(株)矢野経済研究所はこのほど、「ビル管理市場に関する調査結果2008」を発表した。国内のビル管理業者235社に対し、面談・電話・ファックスによるヒアリング等を実施しまとめたもの。
07年度のビル管理市場は、前年度比104.8%の4兆1,434億円となった。不動産賃料の値上げなどによる市場環境の改善、長年続いた契約単価の低価格化傾向に歯止めがかかったため。また、清掃業務、設備管理、警備業務のビルメンテナンス主要3業務に加え、PM・FM業務や、工事業務等といった周辺業務にも注力し、成果として現れ始めている事業者も出てきた。
一方、08年度の市場規模は4兆1,767億円(前年度比0.8%増)と予測。
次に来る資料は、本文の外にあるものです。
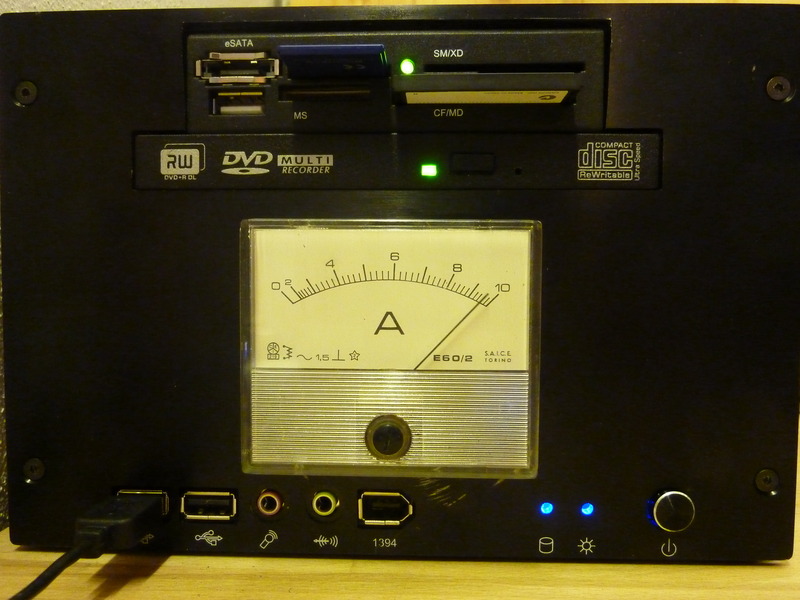 Front view showing Personalized Computer under full load with moving iron ammeter (at 9.6A), spinning DVD and card reader with SDHC and CF cards
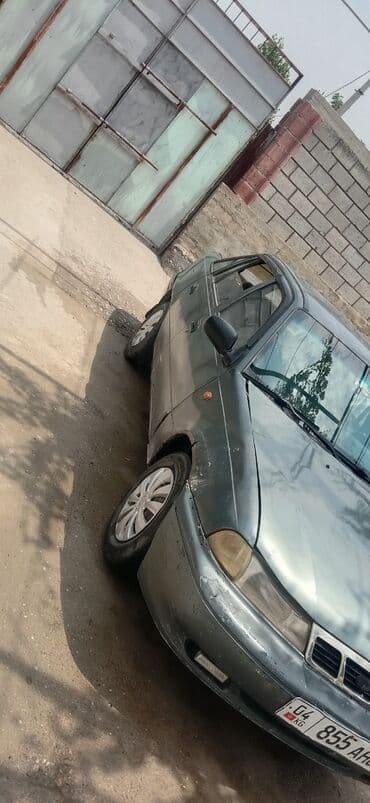 дом на колосах: Daewoo Nexia: 2004 г., 1.5 л, Механика, Бензин, Седан — 4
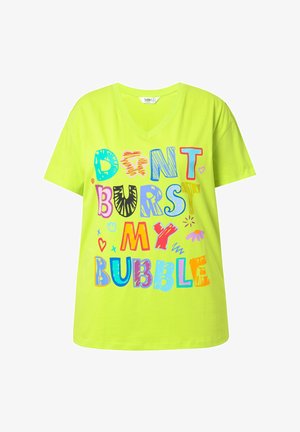 Camiseta verde neón con escote en V y texto colorido: "NO HAGAS ESTALLAR MI BURBUJA," con divertidos estilos y patrones de fuente diversos.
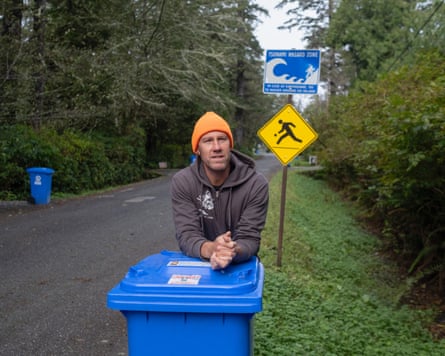 A man stands on a street resting his arms on a blue bin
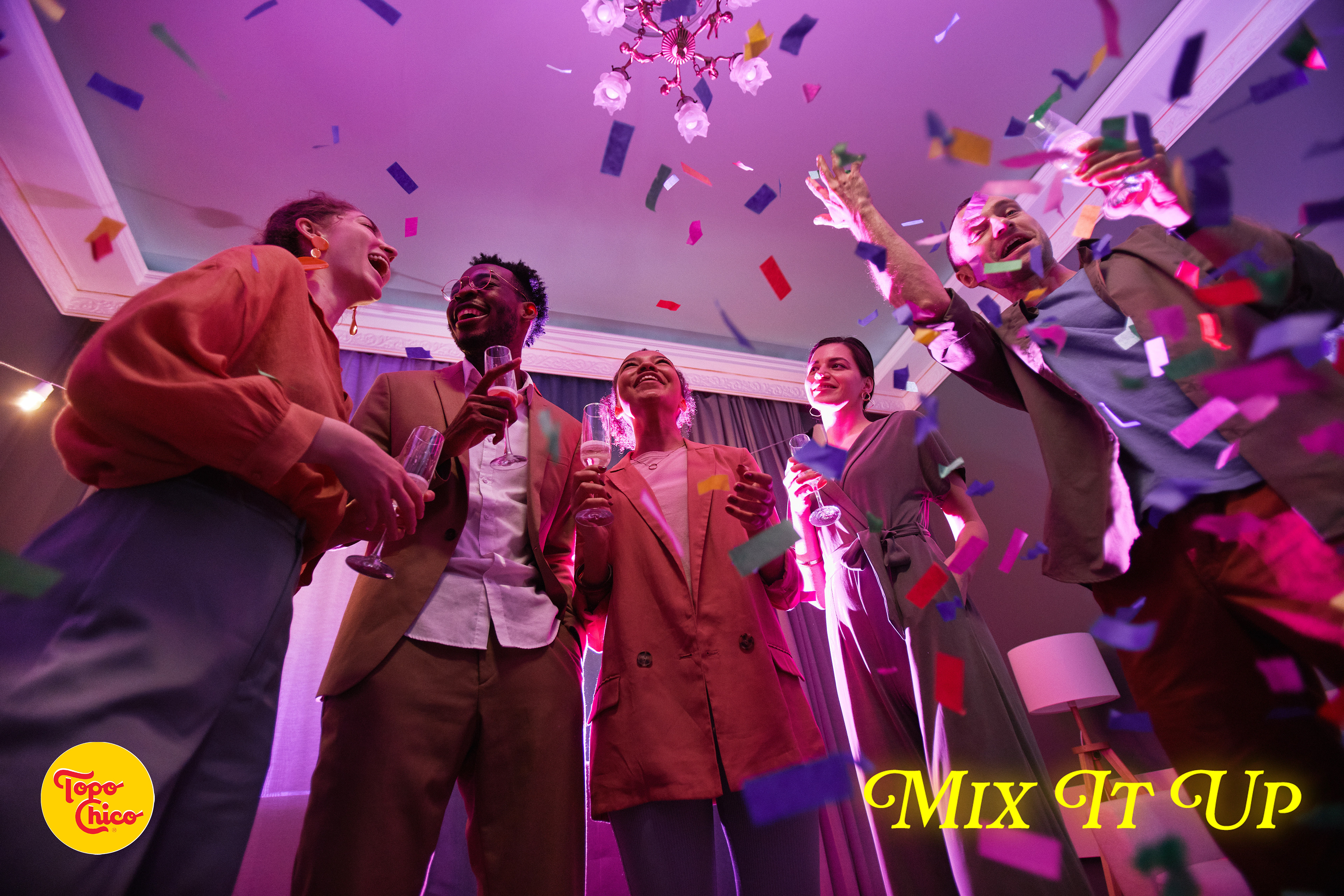 Low angle view at group of young people standing under confetti shower while enjoying party with friends indoors.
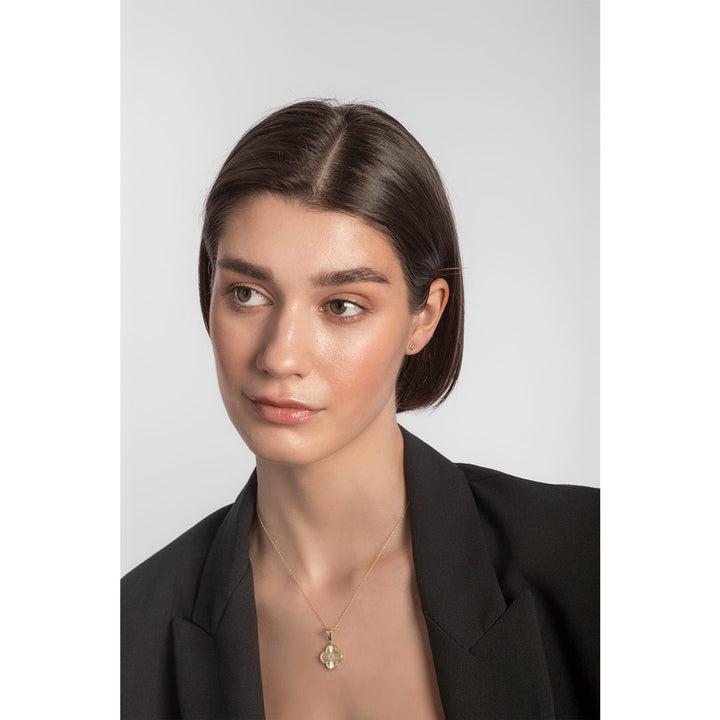Model wearing 9ct gold flower stud earrings and necklace set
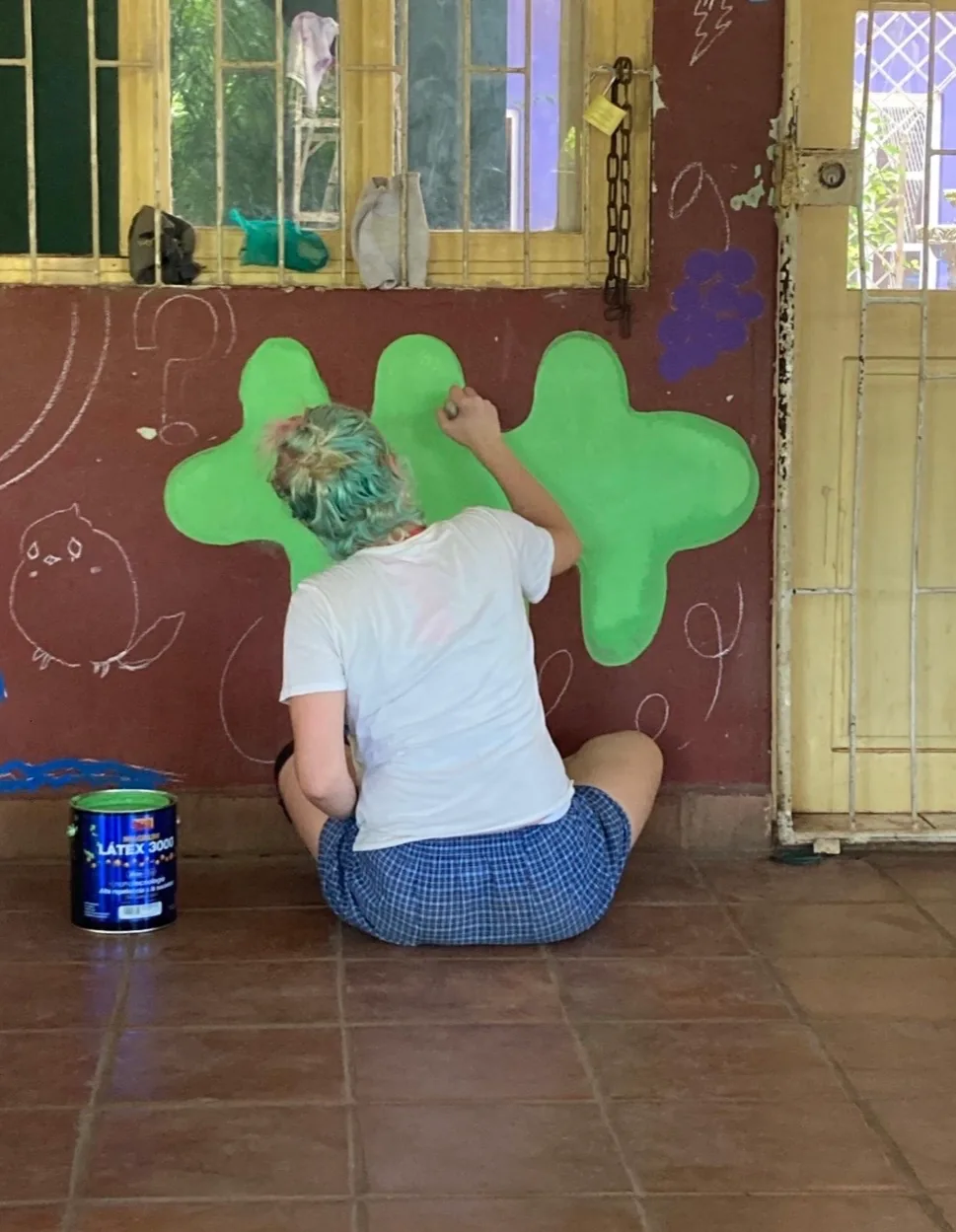 Artist Shannon Hope McAnney painting a bright green shape on a community mural wall
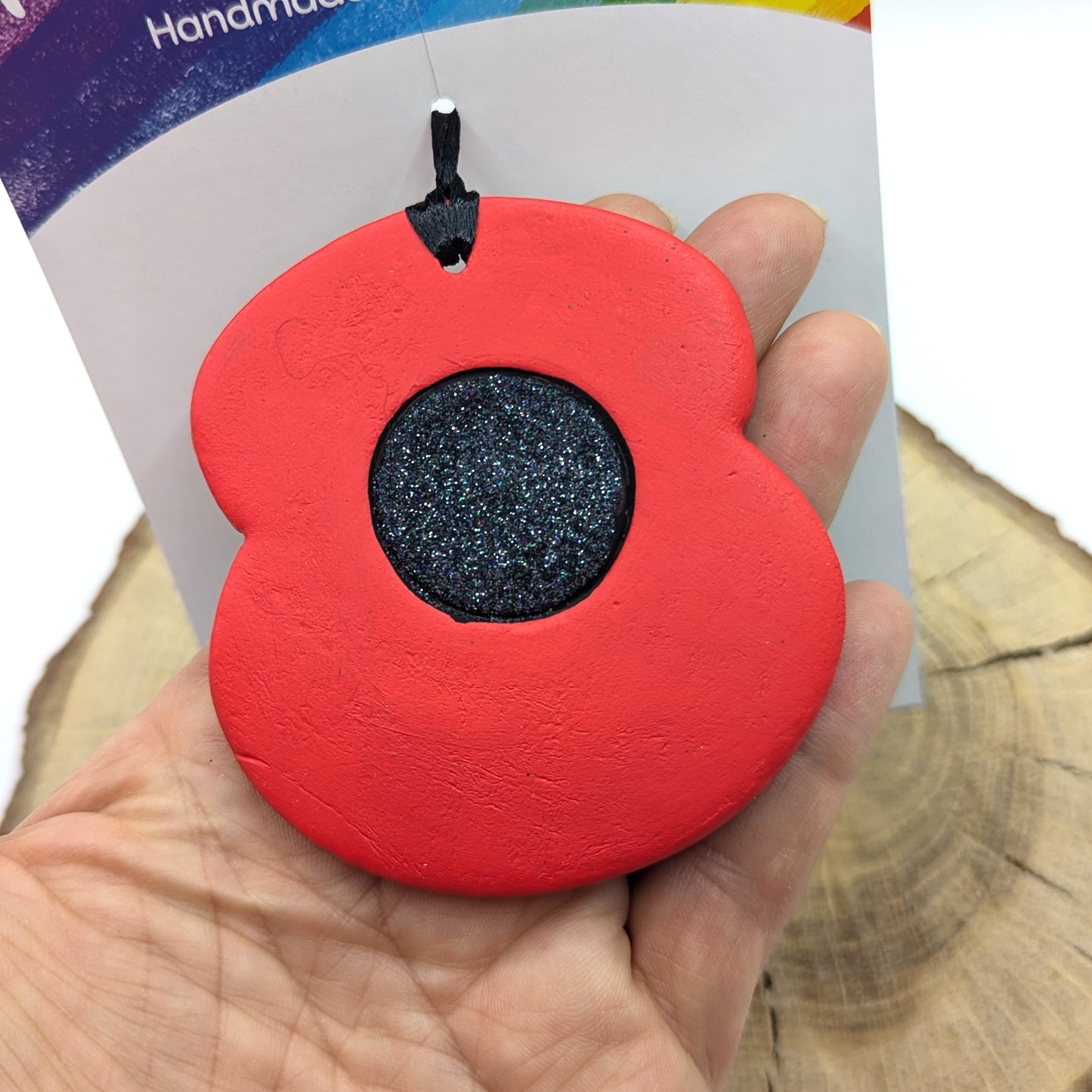 painted clay decoration in red and black with black glitter centre of poppy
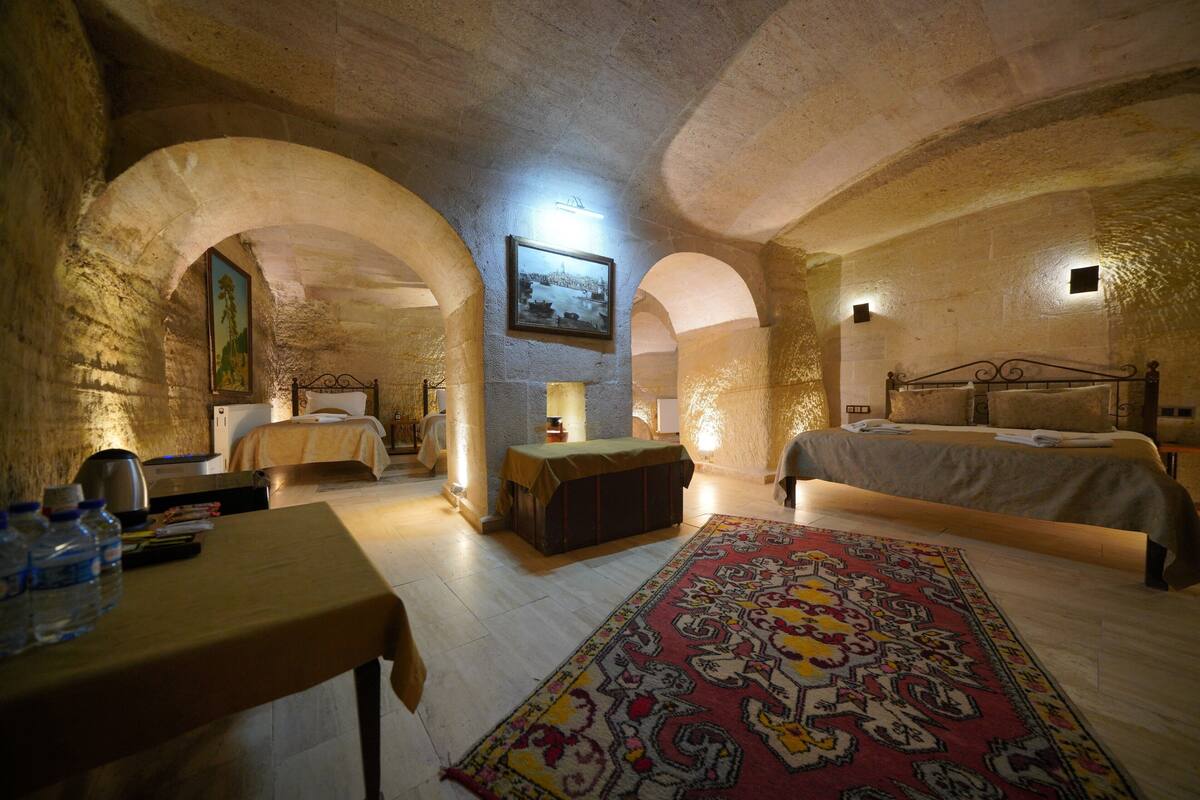 A rustic room with stone walls, a wooden table, a bed with a patterned rug, and a framed picture on the wall.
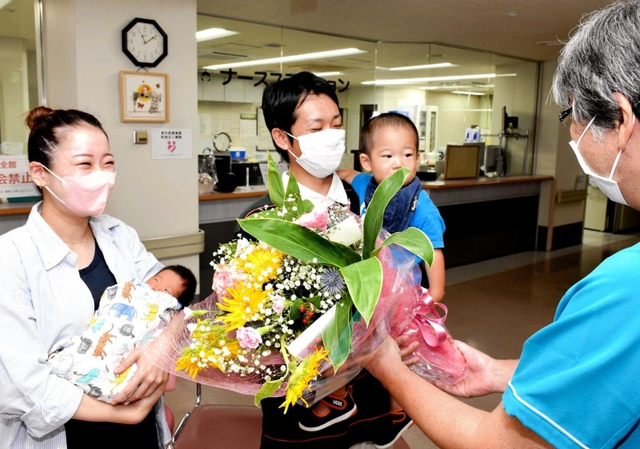 ８千人目の赤ちゃんとなった石原桃亜ちゃんを抱く母の紗耶さん（左）ら＝宍粟総合病院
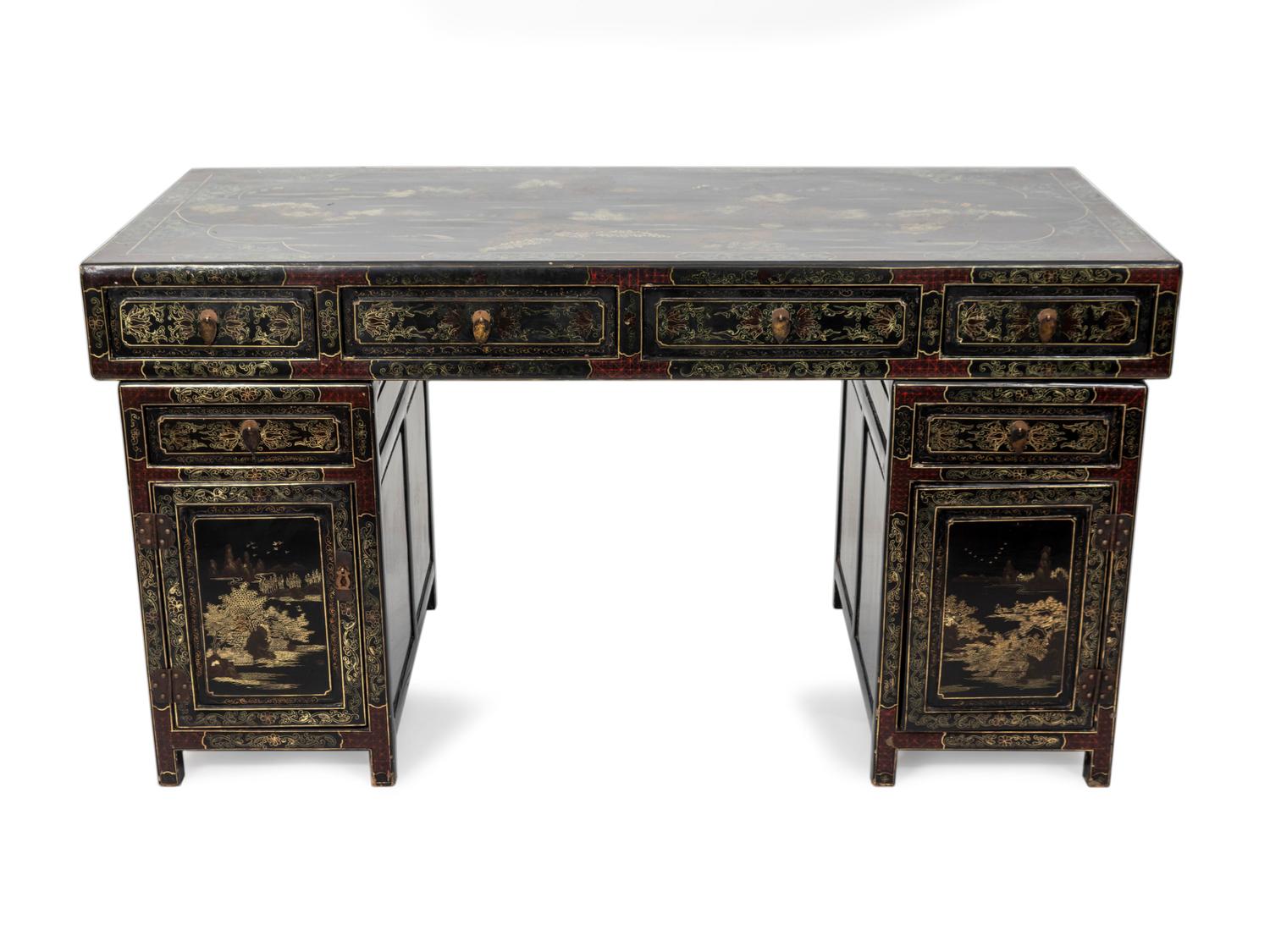A Chinese Black Lacquer and Parcel Gilt Decorated Pedestal Desk — EARLY 20TH CENTURY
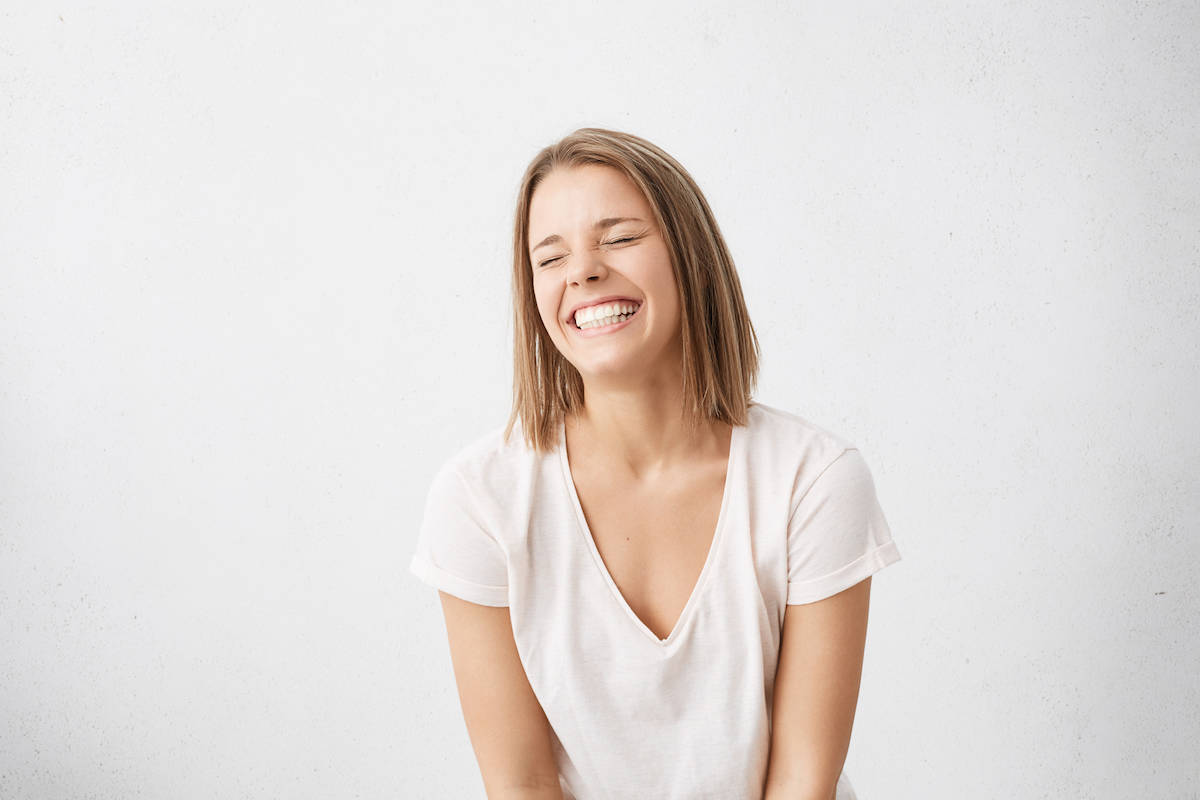 woman smiling feeling joyful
「サブプライムローン問題の発生等により、国内景気は悪化傾向へシフト、ビル管理事業における市場環境においても再び悪化傾向となる」と分析し、「ビルメンテナンス主要3業務は、建築物の新設着工件数が伸長傾向となる可能性は小さく成長は望めない」としている。
なお、同業界の注目すべき動向として「業界再編」をあげ、「ビル所有者から信頼の厚い有力事業者が総合管理業者としての元請業者ポジションを確保し、実際の清掃業務、設備管理、警備業務などは、元請業者の管理の下で地場の中小事業者が担うという構図が見えてくる」とした。